Food with Passion out of this world short scones

This is a delicious recipe from one of my favourite Irish Chefs Clodagh Mckenna from her book ‘Home made’.

I have made these scones a lot over the years and it is most definitely my go-to recipe for delicious scones.

What’s different about these is they are somewhere between a scone and shortcake.

Simply out of this world served with lashings of double cream and strawberry jam and of course washed down with a cup of tea.

While these are perfect for an afternoon tea spread I often serve them as a post supper dessert as they are light, crumbly and delicious.

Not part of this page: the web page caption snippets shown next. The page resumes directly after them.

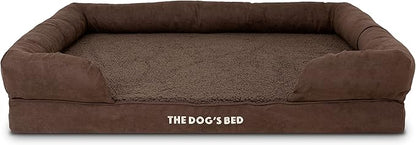 The Dog’s Bed Orthopedic Dog Bed XL Dark Brown Plush 43.5x34, Premium Memory Foam, Pain Relief: Arthritis, Hip & Elbow Dysplasia, Post Surgery, Lameness, Veterinary Approved, Waterproof Washable Cover
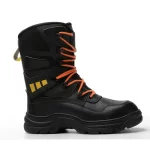 black leather fire safety shoes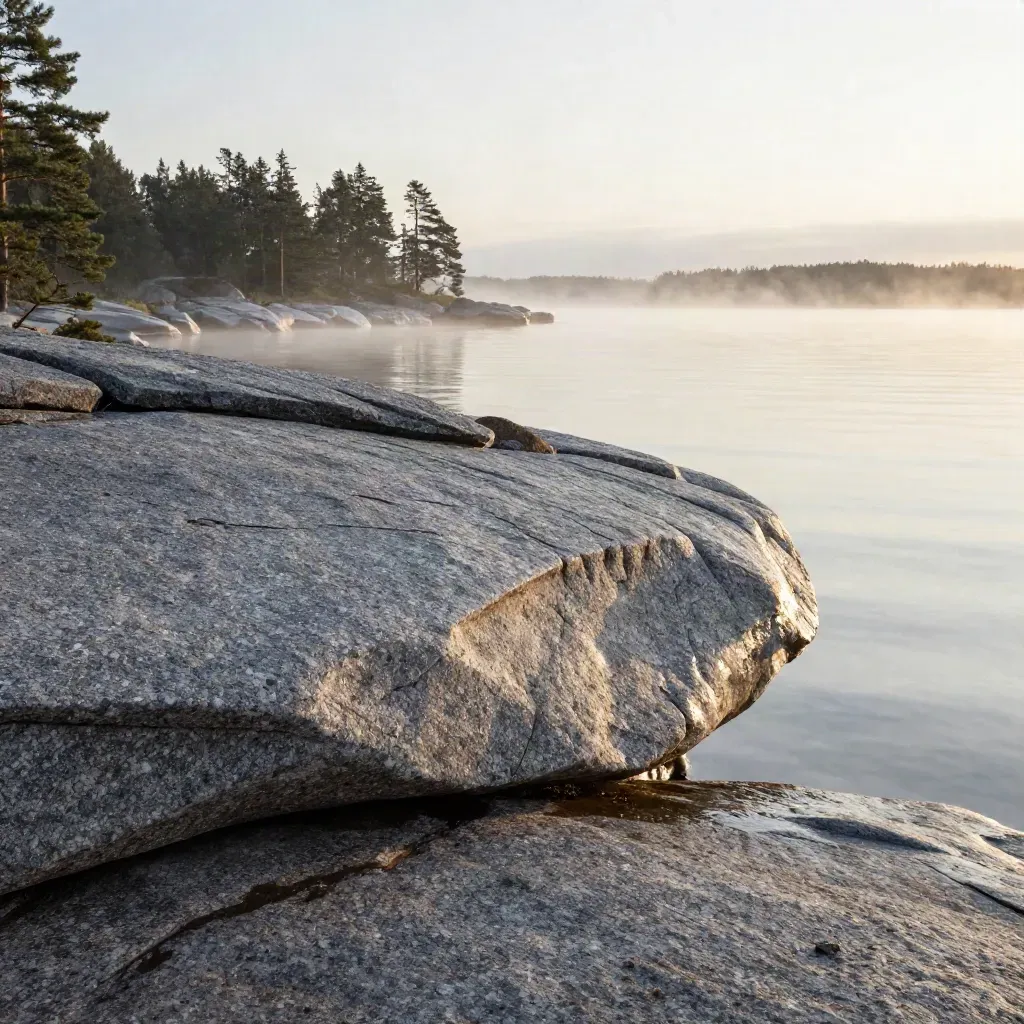Misty granite shoreline and pine edge at Stockholm in calm silver light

These were always a favourite with my parents Olive and Paul. They would often fight over who had more than the other, confirming just how delicious they are.

Sadly my parents are no longer with us but every time I make these I can still hear them squabbling over the last one and it always brings a smile to my face.

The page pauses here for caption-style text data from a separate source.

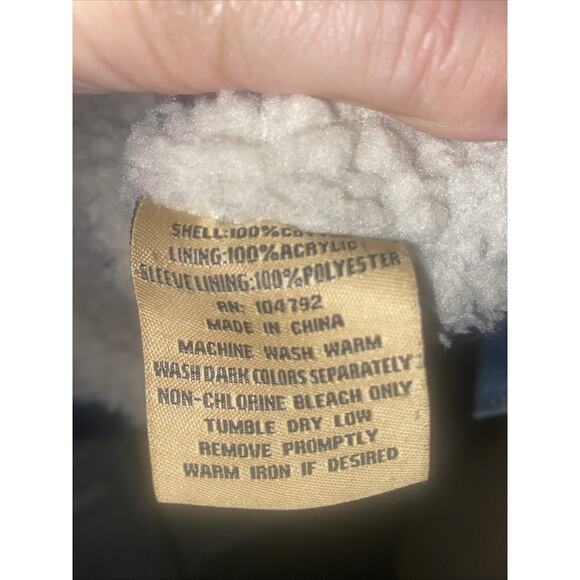 North 40 Men's Sherpa Lined Jacket Men's Blue Button Up Denim Trucker Sz Large - Picture 9 of 11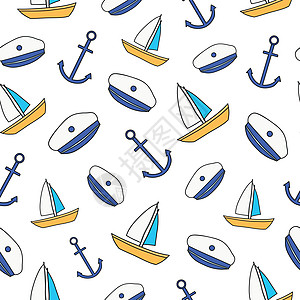 与海产品无缝模式白色水手打印旅行篷布巡航帆船海洋织物套房设计图片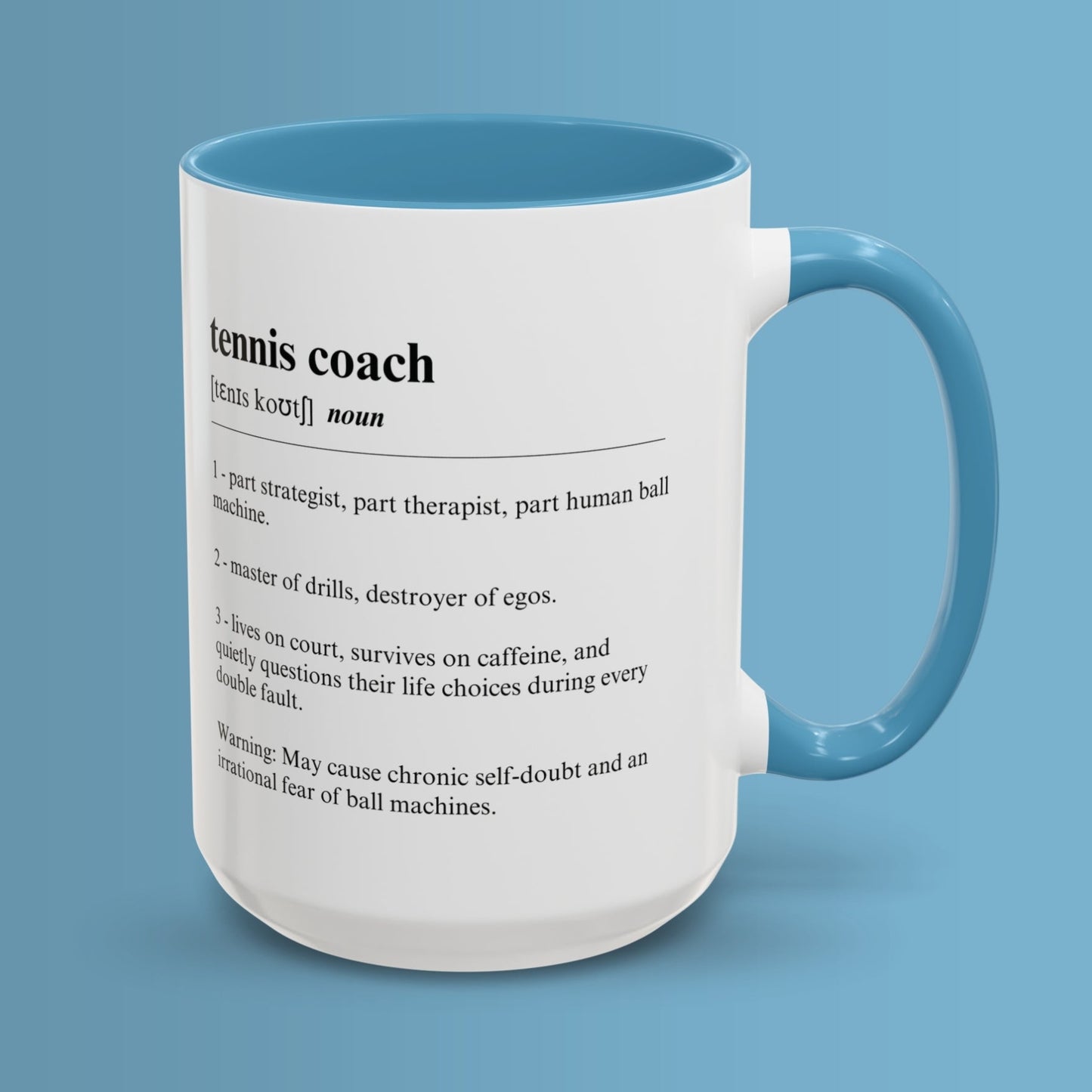 Tennis Coach Mug 11oz & 15oz Funny Dictionary Mug for Tennis Coach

I promise these beautiful scones will create many happy family moments and memories for you also!

Ingredients:  (Makes 8-10 scones)   

  • 300g plain flour
  • 50g castor sugar
  • 1 tablespoon of baking powder
  • 125g unsalted butter
  • 1 egg beaten
  • 100ml single cream

 

Method:

  1. Sift the flour, sugar and baking powder together in a food processor or large mixing bowl if you don’t have one.
  2. Pop the butter in and blitz until the mixture resembles breadcrumbs. If you are not using a processor to do this; grate the butter into the flour mixture.
  3. Beat the egg and cream together and pour into the dry ingredients and mix until it forms a dough.
  4. Transfer the dough to a lightly floured worktop and roll it out until it is about 2cm thick and cut out 8 -10 scone rounds with your pastry cutter.
  5. Lightly brush the tops of each scone with some beaten egg and place on a baking tray covered with baking parchment, then pop into the fridge for at least one hour to chill.
  6. Preheat your oven to 220 degrees and bake for 10 – 12 minutes until the scones are evenly golden brown.
  7. Serve with lashings of whipped double cream and strawberry Jam and a big pot of tea!

Scone heaven awaits!

 

This is a favourite bake for everyone in my family.

My godmother Marie, a great home baker, makes them all the time and swears by them.

I often make them for post Sunday roast dessert and when my  nephew Ben comes he likes to skip dinner and quizzes me every couple of seconds: “when will the scones be ready”?

As I write this I am smiling to myself visualising Mam and Dad fighting over who had more than the other!

That’s what I love about home cooking it’s the memories and family moments it helps to create when everyone is gathered around your table to enjoy something homemade and made with love.

The other big debate is do you put the cream or Jam on first? I believe jam first followed by a dollop of cream but either way these are delicious morsels to eat with a cup of tea.